13. STOCK INCENTIVE PLAN

Eligible employees of Autoliv participate in Autoliv, Inc.1997 Stock Incentive Plan (the Plan) and received Autoliv stock-based awards which include stock options, restricted stock units and performance shares. In connection with the Veoneer spin-off, each outstanding Autoliv stock-based award as of June 29, 2018 was converted to stock awards that have underlying shares of both Autoliv and Veoneer common shares.

 

The conversion that occurred on the Distribution Date was based on the following:

 

Stock Option (SOs) - A number of SOs comprising 50% of the value of the outstanding SOs calculated immediately prior to the spin-off continued to be applicable to Autoliv common stock. A number of SOs comprising the remaining 50% percent of the pre spin-off value were replaced with options to acquire shares of Veoneer common stock. Certain exceptions applied.

 

Restricted Stock Units (RSUs) - A number of RSUs comprising 50% of the value of the outstanding RSUs calculated immediately prior to the spin-off continued to be applicable to Autoliv common stock. A number of RSUs comprising the remaining 50% of the pre spin-off value were replaced with RSUs with underlying Veoneer common stock. Certain exceptions applied.

 

Performance Shares (PS) - Outstanding PSs pre spin-off were converted to time-based RSUs and shall be treated in the same manner as other outstanding RSUs (as described above) on the Distribution Date. The number of outstanding PSs pre spin-off were converted based on pro-ration of performance period such as:

 

 

1)

The level of actual achievement of performance goals for each outstanding PS for the period between the first day of the performance period and December 31, 2017 (the “Performance Measurement Date”), referred to as “Level of Performance-to-Date” and;

 

2)

The greater of the Level of Performance-to-Date and estimated target performance level (i.e., 100%) for the period between the Performance Measurement Date and the last day of the performance period.

 

In each case above, the conversion was intended to generally preserve the intrinsic value of the original award determined as of the distribution date of Veoneer. The number of converted RSUs and SOs for Autoliv and Veoneer was based on the average of Autoliv closing stock prices for the last 5 days prior to the spin-off and the average of closing stock prices of Autoliv and Veoneer, respectively, for the first 5 days after the spin-off.

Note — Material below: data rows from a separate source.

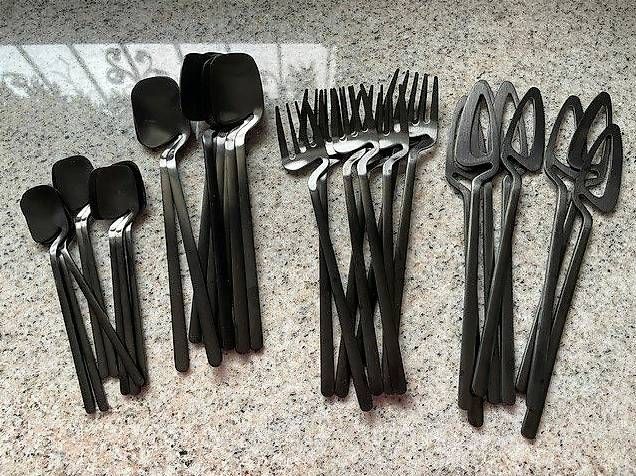 Bestecksets: Schwarzes Besteck-Set  modernes Design – Neu und originalverpackt aus Horw von Bobby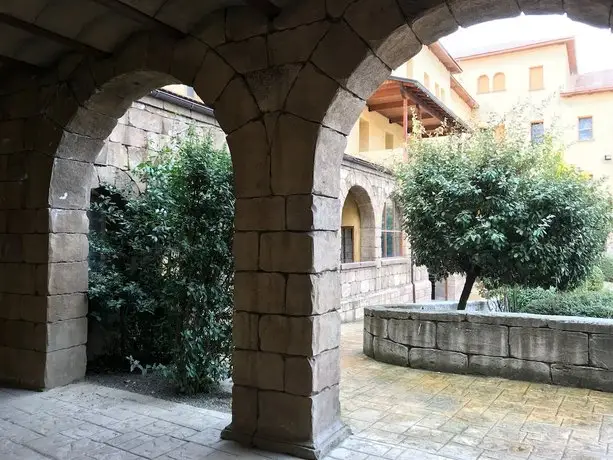 Albergue-Hostel Pirenarium 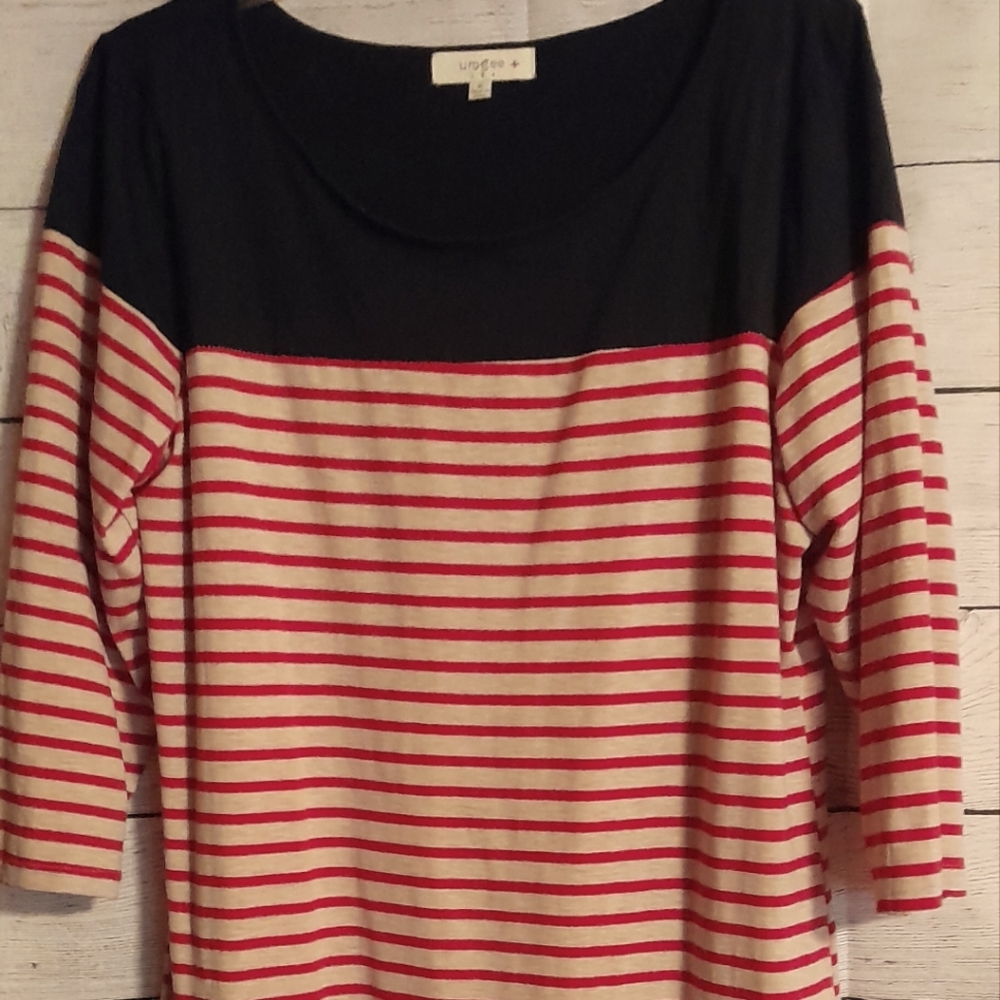Umgee top red and gray size xl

As a result of the spin-off and the related conversion, it was determined that the stock based awards were modified in accordance with ASC 718, Compensation – Stock Compensation. The fair value of the RSUs and SOs immediately before and after the modification was assessed in order to determine if the modification resulted in any incremental compensation cost related to the awards, including consideration of the impact of conversion using the 5 day average. Based on the valuation performed, it was determined that the conversion did not result in any incremental compensation cost for any of the outstanding awards. The post spin-off stock-based compensation expense will be based on the original grant date fair value related to only Autoliv employees.  

 

With certain limited exceptions, including the freezing of the Performance Measurement Date to December 31, 2017 as noted above, the SOs and RSUs post spin-off are subject to the same terms and conditions (including with respect to vesting and expiration) that were applicable to such Autoliv stock-based awards immediately prior to the conversion and as described in the Audited Combined Financial Statements for the year ended December 31, 2017 and corresponding notes.

 

The Company recorded approximately $2.3 million and $6.9 million stock-based compensation expense in continuing operations related to RSUs and PSs for the three and nine month periods ended September 30, 2018, respectively. During the three and nine month periods ended September 30, 2017, the Company recorded $2.6 million and $7.4 million, respectively, of stock-based compensation expense in continuing operations related to RSUs and PSs.